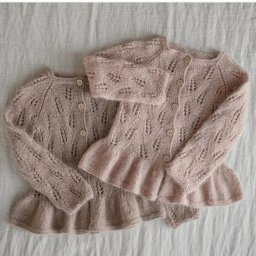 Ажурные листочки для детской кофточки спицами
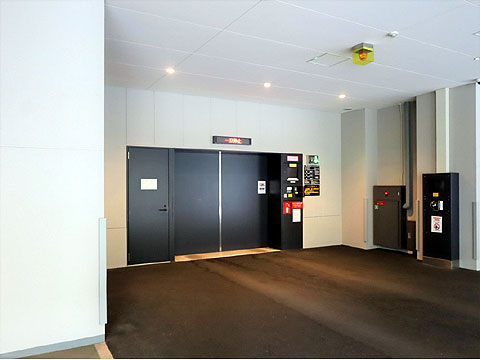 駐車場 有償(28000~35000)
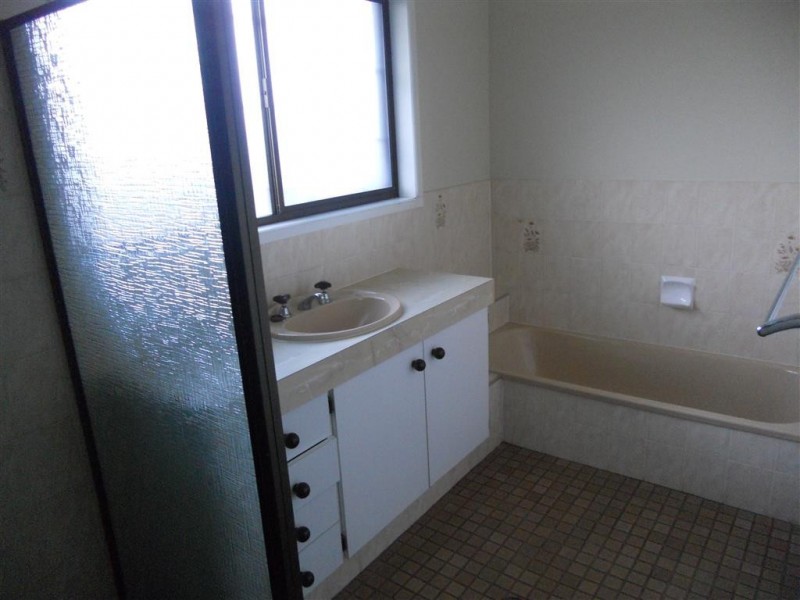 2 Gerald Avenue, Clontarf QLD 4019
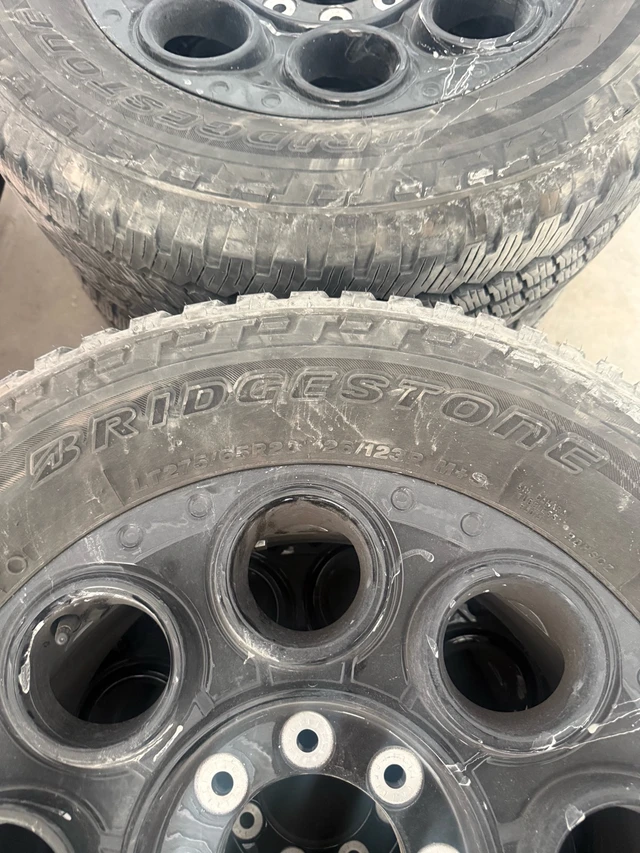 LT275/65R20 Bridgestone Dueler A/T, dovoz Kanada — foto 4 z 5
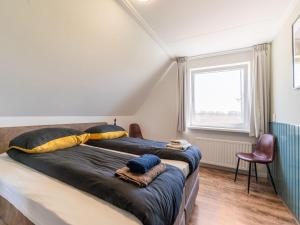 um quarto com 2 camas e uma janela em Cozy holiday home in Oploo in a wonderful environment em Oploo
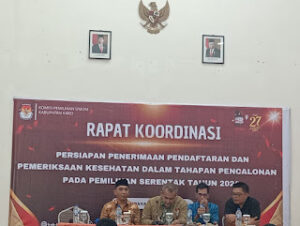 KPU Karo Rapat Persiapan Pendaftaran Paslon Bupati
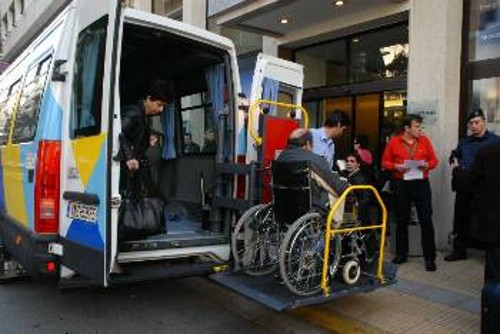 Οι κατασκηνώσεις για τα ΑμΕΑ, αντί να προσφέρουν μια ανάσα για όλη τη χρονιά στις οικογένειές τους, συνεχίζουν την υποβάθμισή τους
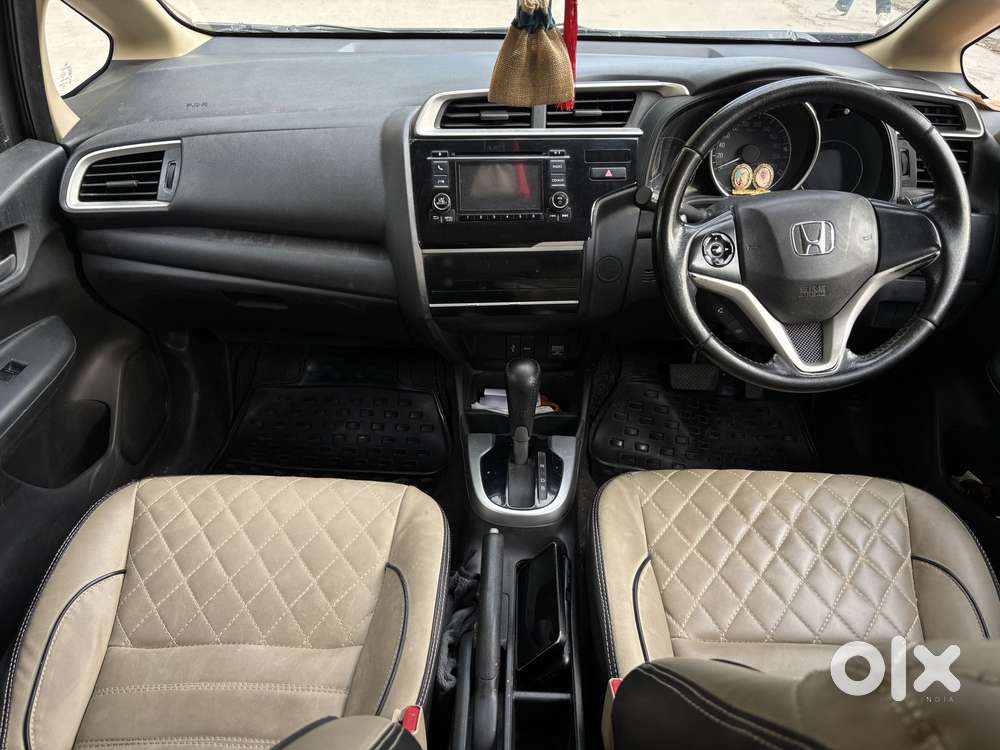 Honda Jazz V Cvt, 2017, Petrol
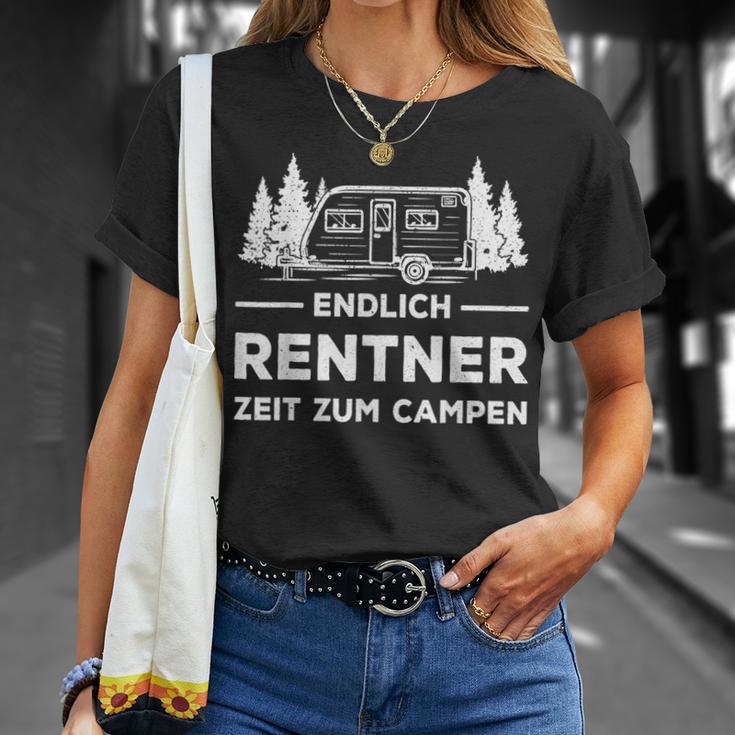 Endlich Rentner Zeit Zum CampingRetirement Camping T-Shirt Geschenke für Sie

----

Exercise directions: Reproduce exactly the lines from the one containing "2 Gerald Avenue, Clontarf QLD 4019" through the last line of the records, both included, leaving out every picture.

Exercise output:
 2 Gerald Avenue, Clontarf QLD 4019
 LT275/65R20 Bridgestone Dueler A/T, dovoz Kanada — foto 4 z 5
 um quarto com 2 camas e uma janela em Cozy holiday home in Oploo in a wonderful environment em Oploo
 KPU Karo Rapat Persiapan Pendaftaran Paslon Bupati
 Οι κατασκηνώσεις για τα ΑμΕΑ, αντί να προσφέρουν μια ανάσα για όλη τη χρονιά στις οικογένειές τους, συνεχίζουν την υποβάθμισή τους
 Honda Jazz V Cvt, 2017, Petrol
 Endlich Rentner Zeit Zum CampingRetirement Camping T-Shirt Geschenke für Sie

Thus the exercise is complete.